▸ **Task goal**
Leave out every picture, and return exactly the lines from the line containing "Yeison Felipe Possu Mera y su abogada." through the end of the records below, both inclusive.

▸ **Data records**

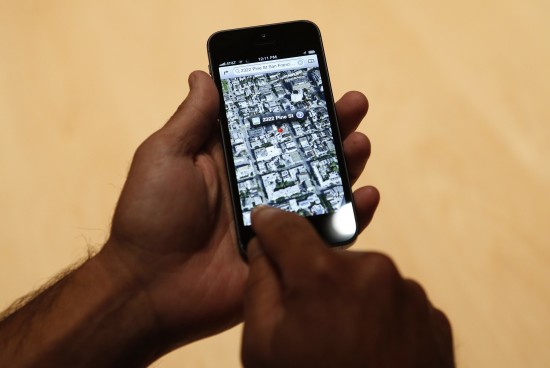 Australian police say Apple's road maps unreliable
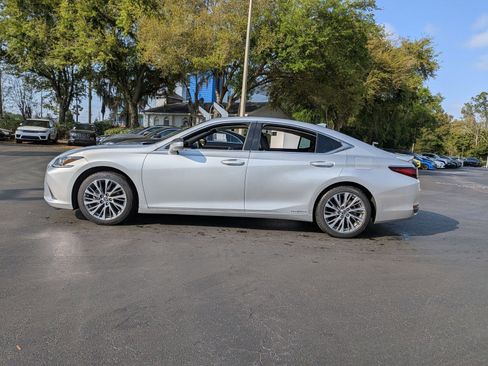 Used 2021 Lexus ES 300h w/ Premium Package FWD image 2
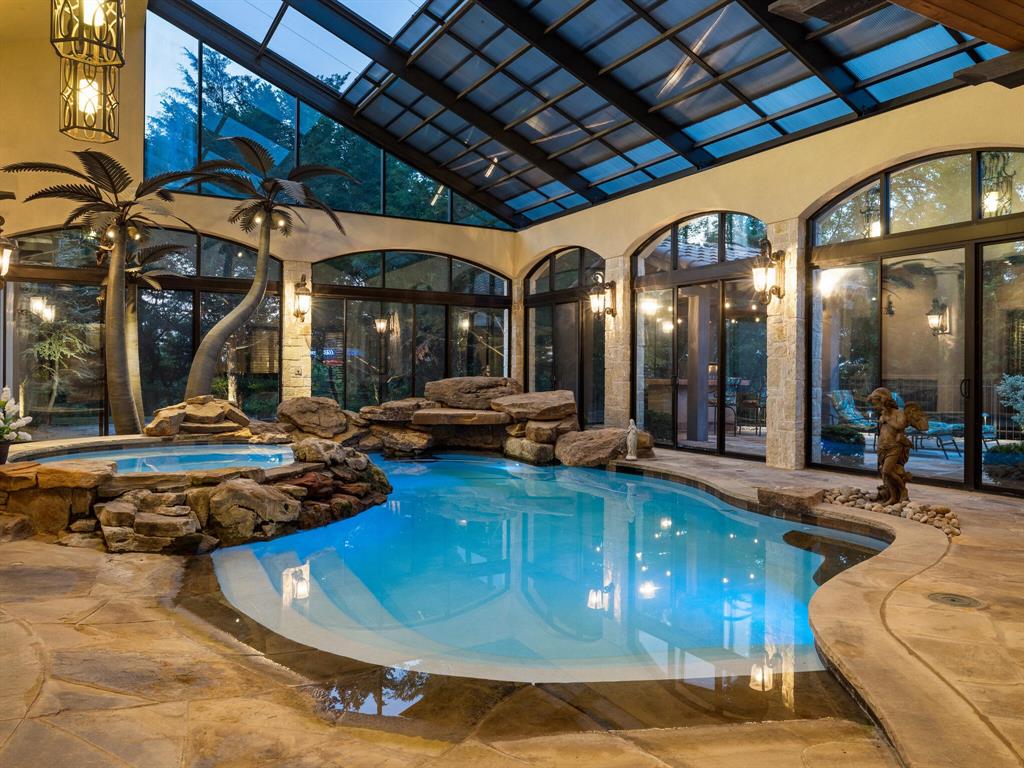 2115 Paradise Rnch Trail McKinney, TX 75071 - Photo 28 of 40 a view of a living room with furniture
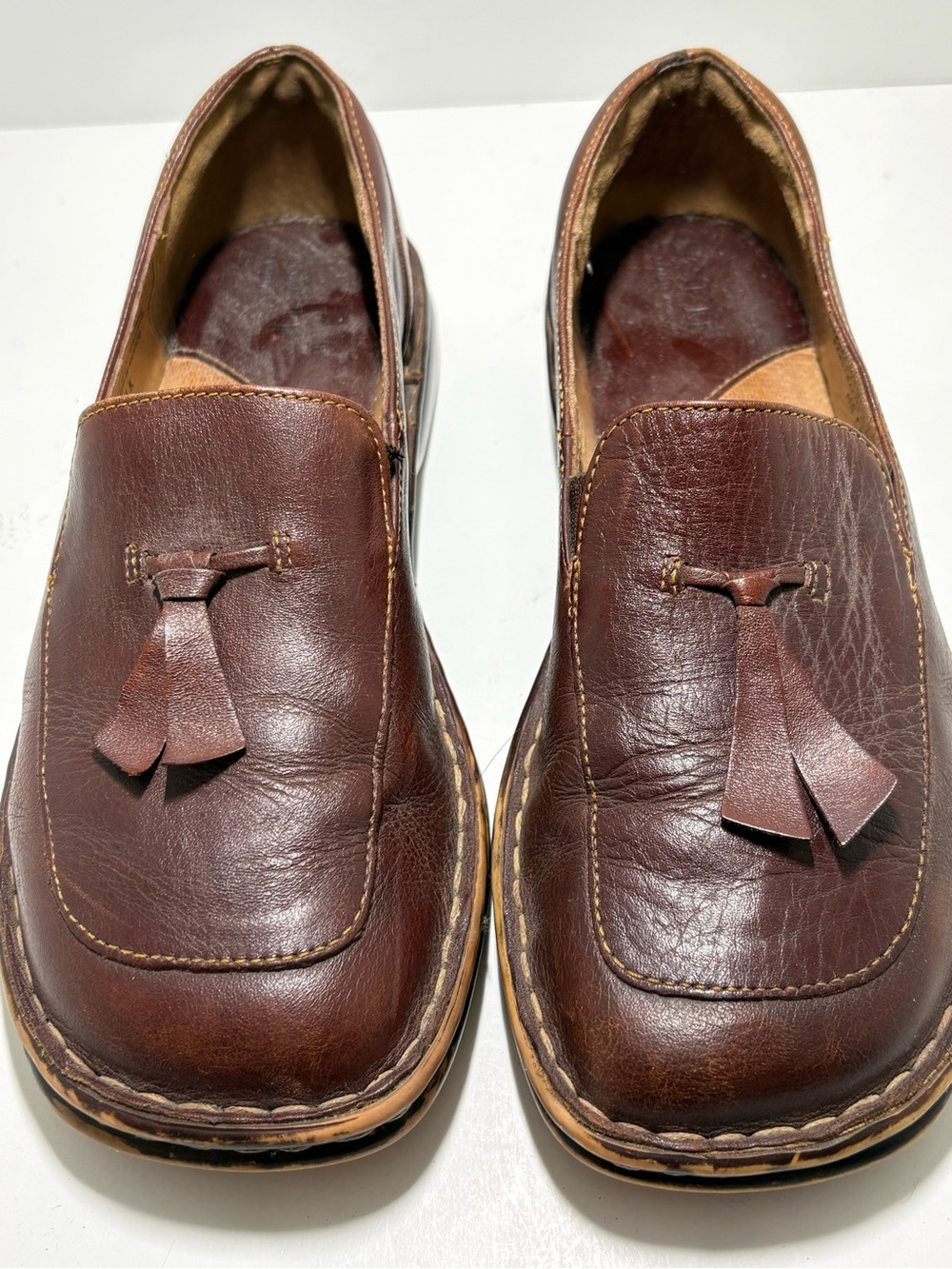 Born Handcrafted women’s brown, leather Kiltie tassel loafers size 7 shoes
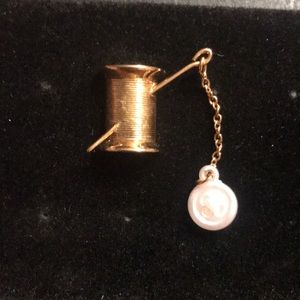 Vintage 1983 Thread & Needle gold  pin AVON
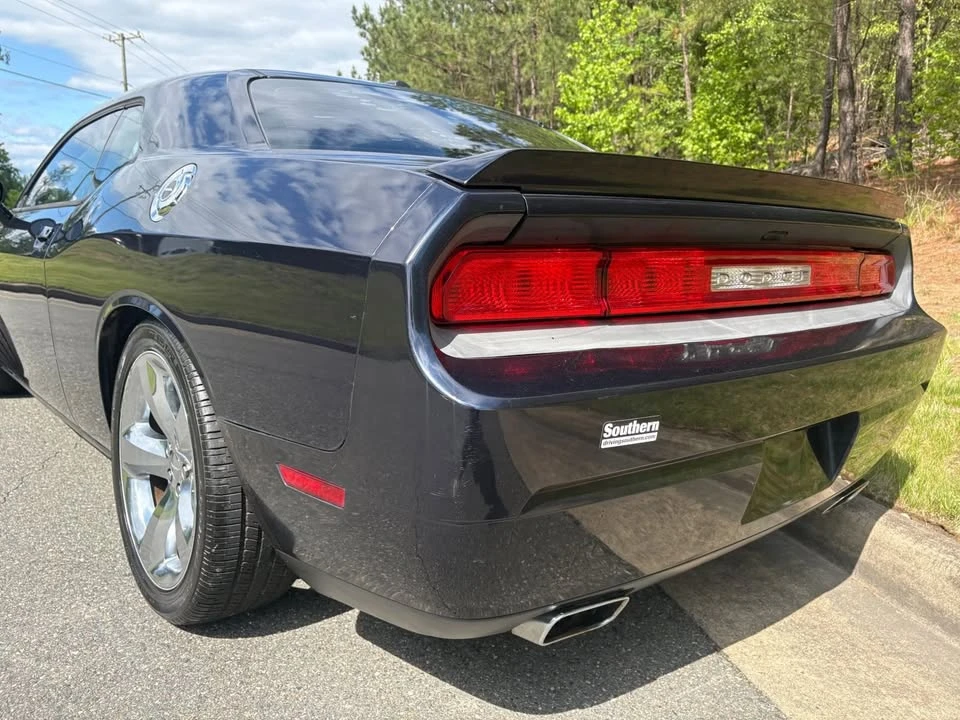 2011 Dodge Challenger 3rd Gen - Image 10 of 20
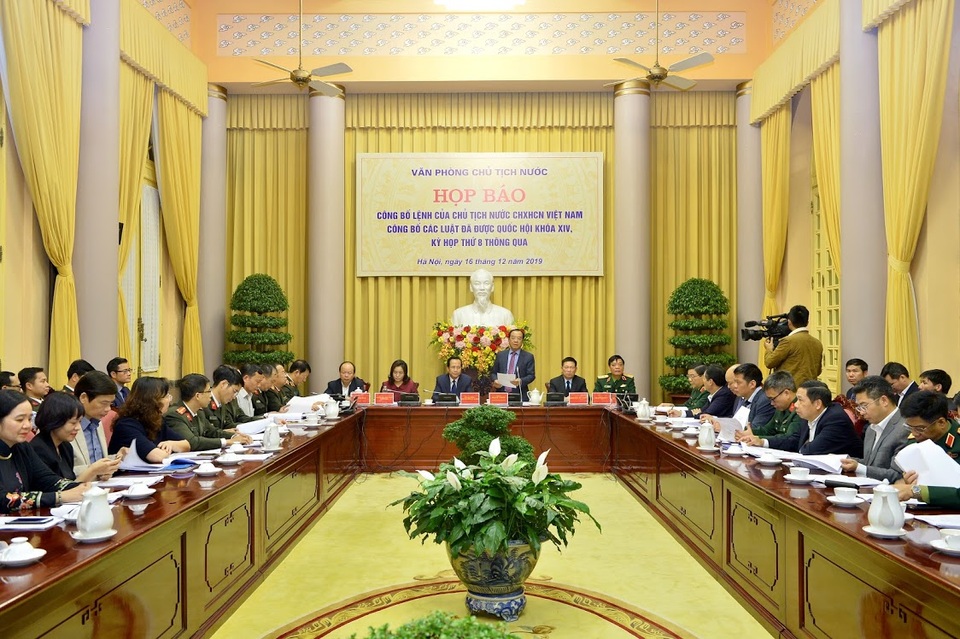 Bộ trưởng Lao động: “Lương của tôi chuyển thẳng vợ kiểm soát càng tốt!” - 2 Bộ trưởng Lao động: “Lương của tôi chuyển thẳng vợ kiểm soát càng tốt!” - 2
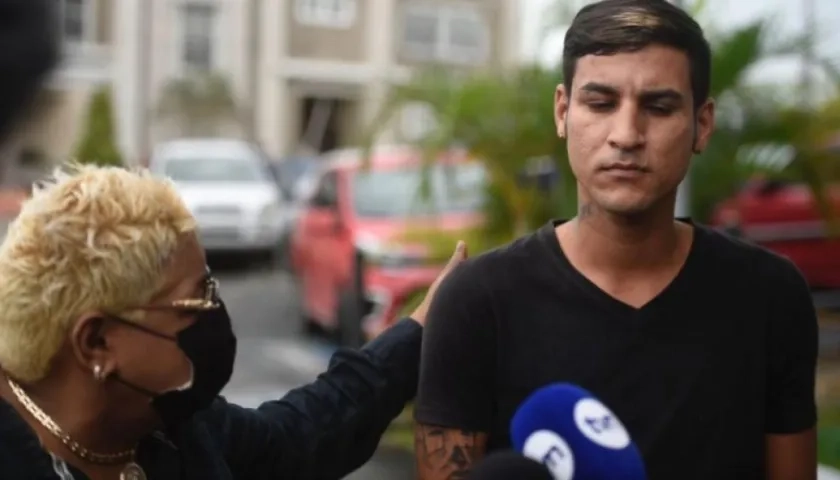 Yeison Felipe Possu Mera y su abogada.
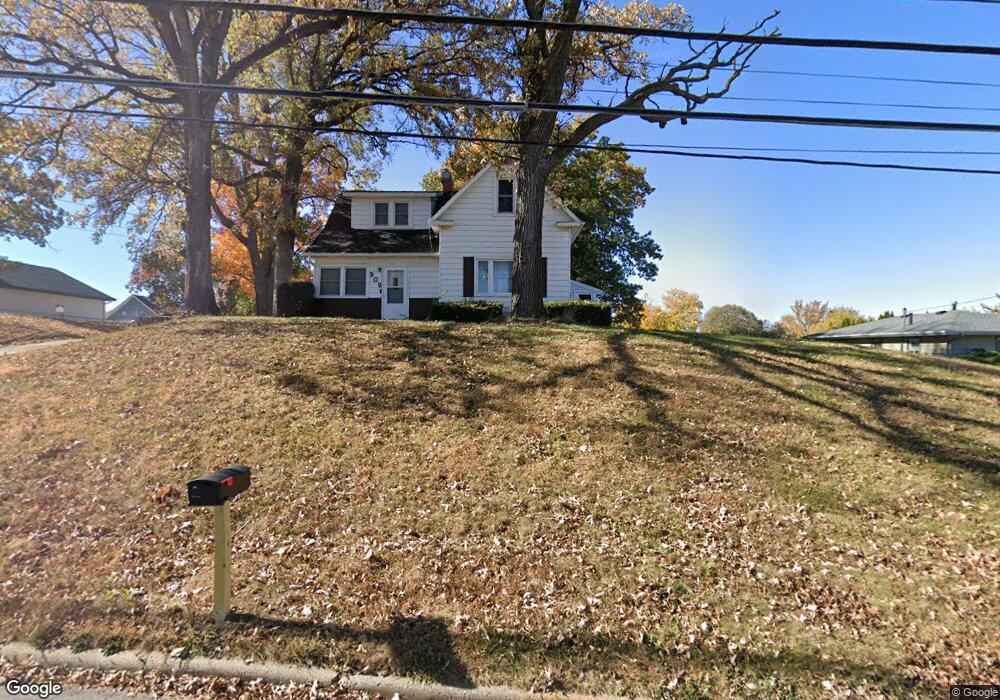 909 1st St N, Newton, IA 50208 - photo 1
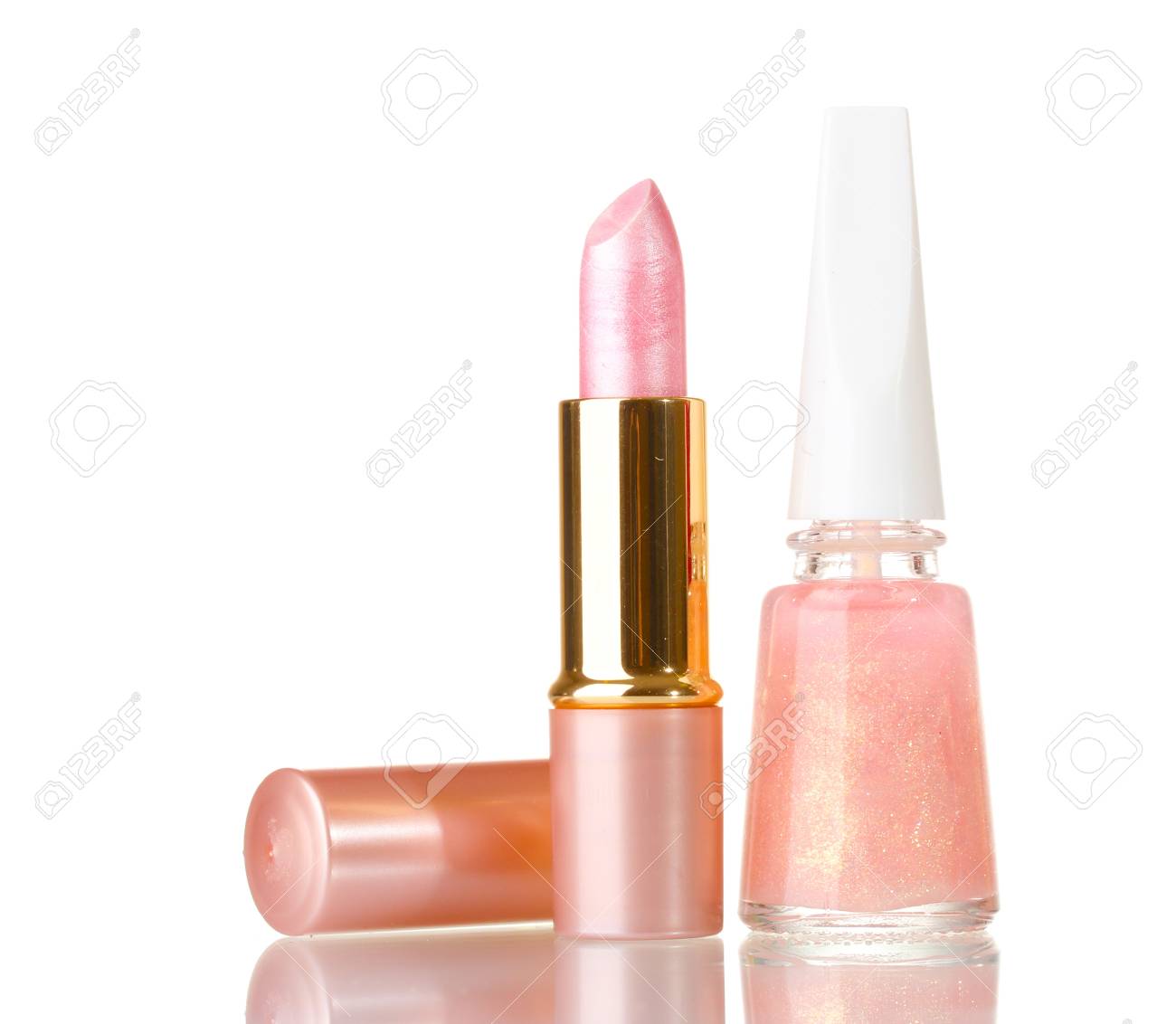 ピンクの口紅と輝く白で隔離とベージュのマニキュア の写真素材 画像素材 Image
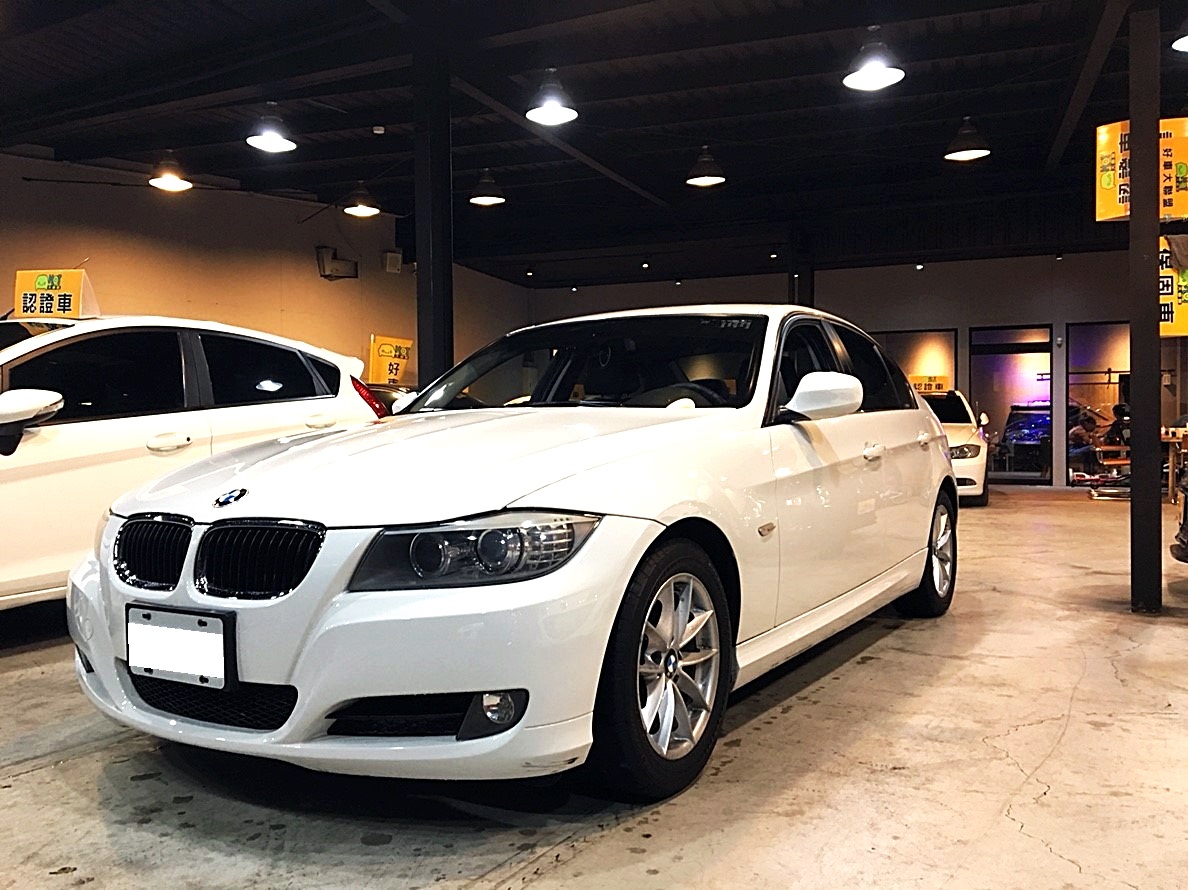 2010 Bmw 3-series sedan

▸ **Expected answer**
 Yeison Felipe Possu Mera y su abogada.
 909 1st St N, Newton, IA 50208 - photo 1
 ピンクの口紅と輝く白で隔離とベージュのマニキュア の写真素材 画像素材 Image
 2010 Bmw 3-series sedan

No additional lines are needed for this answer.